While beef is core to the company, they’re also growing sales from offering “trendy foods” as well. For instance, McDonald’s Corporation (NYSE:MCD) is set to offer a yolk-free version of their popular Egg McMuffin. Additionally, Jack in the Box has their new Hot Mess Burger, which includes sliced jalapeños on sourdough bread. Investors should consider burger chains that continually energize their product mix to suit consumers’ taste buds.
They Have Strength in Numbers
McDonald’s has over 34,000 locations in 119 countries. Burger King operates close to 13,000 locations in 86 countries and territories. Jack in the Box’s system total (at Jan. 20, 2013) consisted of 2,255 Jack in the Box restaurants and 636 Qdoba (Mexican Grill) restaurants. Jack in the Box opened 16 new restaurants in the first quarter of fiscal 2012 and 9 new restaurants in the first quarter fiscal 2013.
They’re Always Strategizing
In December 2012, Burger King announced that in the Latin America and Caribbean region, they launched a new Facebook page, mobile portal, and a guest relations tool. This is all part of the company’s digital marketing strategy to connect with their customers.
Recently, McDonald’s Corporation (NYSE:MCD) reported that their priority in Europe continues to be growing customer traffic through concentrating on innovative premium menu offerings and strong value. They are also focusing on the expansion of their breakfast in Europe and restaurant operating hours as well.
In their fiscal 2013 guidance, Jack in the Box Inc. (NASDAQ:JACK) reported their Qdoba Mexican Grill strategy. They expect to open 70- 85 new Qdoba restaurants, and they expect roughly 40- 45 to be company locations. Their strategy is to embrace consumers’ penchant for Mexican menu offerings.
What caveat is in place concerning companies who compete in the fast-food burger arena? More recently, it’s the press concerning horsemeat being an element of some burger patty offerings.
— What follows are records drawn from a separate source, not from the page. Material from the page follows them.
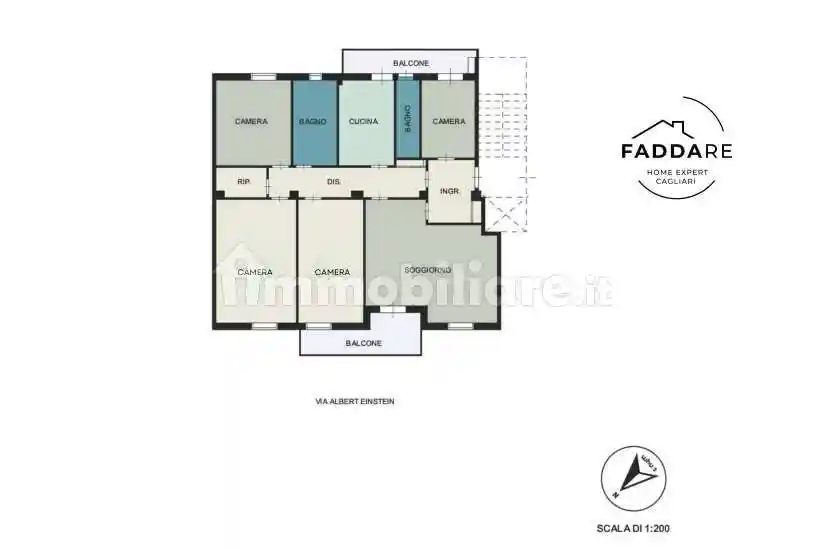 Appartamento in vendita a Cagliari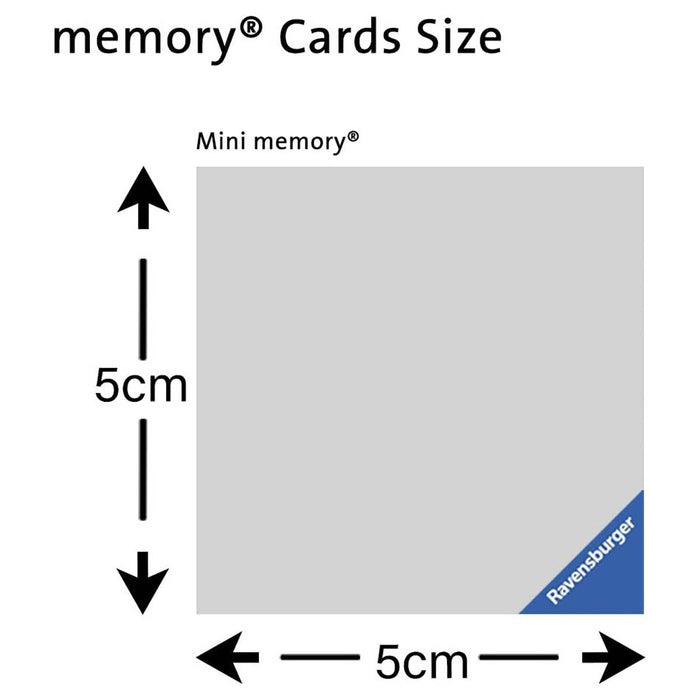 Gabby’s Dollhouse Mini Memory Card Game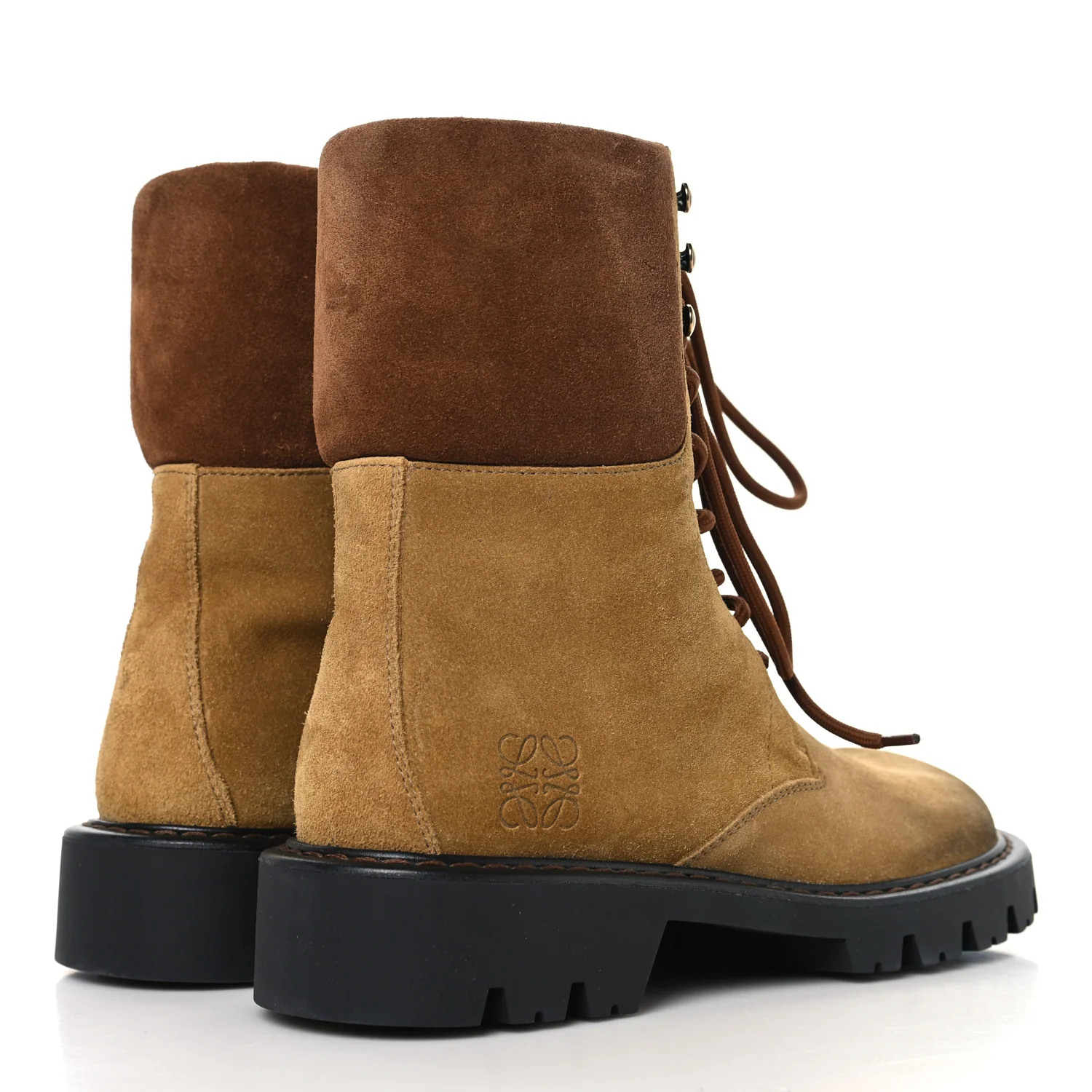Suede Mens Sierra Combat Boots 40 Tobacco Brown - Top Club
It’s all a matter of perception and image. The scandal is taking place in Europe. Reports center on beef burgers containing some horsemeat and other non-beef elements such as pork, while being advertised as beef burgers. Eating horsemeat is not an anathema in some European countries; it is in North America, the UK, Ireland, and many other nations.
Fast-food chains are well advised to get the word out on what their burgers contain – and they had better be 100 percent beef, at least here in North America. A public relations campaign by burger chains in the U.S. and Canada highlighting the quality of their offerings is necessary to keep their customers and investors salivating.
So, this is where the beef is, in many ways. You probably don’t have too far to go in your community to find one or more of the popular burger chains. You don’t have too look too far to find some of them on the major indices either, where they’re grilling sales and building their businesses in an array of ways.